Unusual Pets – Hermit Crab Feed and Care Guide

Hermit Crab

Hermit Crab

Hermit crabs are among the more unusual pets, although they do make interesting, easy maintenance buddies. They possess distinct personalities, are active and curious, and their unique characteristics and low maintenance prerequisite make them good pets. Hermit crabs are not “true crabs” as they possess a littler, soft stomach which they protect by living in an empty snail shell. They must find bigger shells as they develop, and proprietors of these pets must provide progressively bigger shells as their pets develop.

In the wild they are omnivores, feeding on both flora and animal material. There are both marine and land hermit crabs, two main species of hermit crabs obtained as pets: Coenobita clypeatus (goes by a variety of names such as Caribbean crab, purple pincher crab, land hermit crab, tree crab, or soldier crab) and Coenobita compressus (Ecuadorian Crab or E-Crab) Other species are as well kept as pets in other parts of the worldwide, such as the Australian land hermit crab (Coenobita variabilis) and, the strawberry land hermit crab (Coenobita perlatus). Land hermit crabs are comparatively easy to find in pet stores, but maintenance is required in selecting a potential pet.

Check to make sure that altogether the legs are present (3 couple of walking legs) the, shell covering the head and thorax isn’t damaged, in that location are no parasites/small bugs present, and that the crab is lively. Bigger crabs may be hardier, and if you already have a crab then it is important to match sizes pretty intimately otherwise fighting may occur.

Buy hermit crab food from a pet store. Two little pinches of this should sustain them for 2 to 3 days. Also provide fruits for your hermit crabs. You can feed your hermit crabs steady, domestic fruits like grapes apples and, bananas but, they may particularly enjoy bits of tropical fruits like mango coconut and, papaya take away pits from any fruits served. Give your hermit crabs vegetables Your hermit crab can consume vegetables of altogether variety but be sure to include vegetables that are carotene-rich such, as maize and carrots Carotene helps in their molting process.

Fill a shell with H2O and place it into your hermit crab’s habitat.
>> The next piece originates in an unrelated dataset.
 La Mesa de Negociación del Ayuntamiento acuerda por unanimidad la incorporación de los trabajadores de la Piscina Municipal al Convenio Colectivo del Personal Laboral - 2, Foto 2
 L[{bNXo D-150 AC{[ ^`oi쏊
Be sure to dechlorinate the H2O earlier giving it to your crab to drink and replace old water with fresh water each day.

Treat your hermit crab by giving them dry cereal bare, crackers ground, nuts and seeds corn, meal, applesauce peanut butter and, unbuttered and unsalted popcorn.
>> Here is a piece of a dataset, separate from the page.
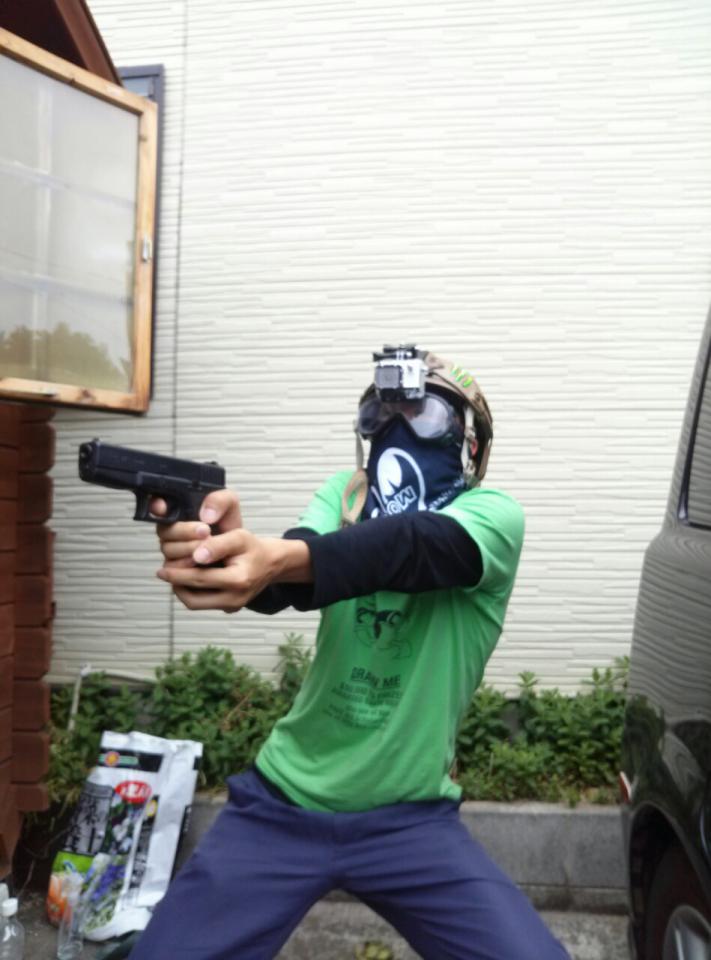 NowLoading...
Take away perishable food items from your crab’s habitat roughly 24 hr after the initial feeding and interchange with fresh food. Wash food prior to giving it to your crab. Make sure that anything that your crab may consume or come into contact with has not been treated with pesticides. Never utilize metallic containers to house your hermit crab’s food or H2O.

October 12, 2008

Tarantulas Make A Great Pet – How to Care for Your Spider

Tarantulas are members of the Arthropod class Arachnidan. The class Arachnidan contains various orders, one of which the Aranaea contains altogether the animate being the right way named spiders. The order Aranaea has three major divisions named sub orders, the Mesothelae, the Mygalomorphae and the Araneomorphae. The big spiders commonly named tarantulas belong to the sub order Mygalomorphae. The Mygalomorphae contains more than 2200, species of spider about, 800 of which are normally considered to be tarantulas.
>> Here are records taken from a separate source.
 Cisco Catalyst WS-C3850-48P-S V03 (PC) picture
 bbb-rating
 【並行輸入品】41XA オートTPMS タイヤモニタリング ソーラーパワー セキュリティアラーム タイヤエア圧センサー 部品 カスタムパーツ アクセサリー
The term ‘Tarantula’ is not a proper taxonomic category, though often people will know what you mean when you utilize the word. They are generally heavy-bodied and, possess eight eyes on a little “bump” at the front of the body. In northerly United States, tarantulas are found mostly in drier areas, from Arkansas westward. All tarantulas are venomous and, all can chomp, although only a very few cause more than a localized “bee sting” reaction. The Chilean rose Grammostola, rosea is, a sturdy ground-dweller from drier region of northerly Republic of Chile, and has been uncommitted in stores for various years.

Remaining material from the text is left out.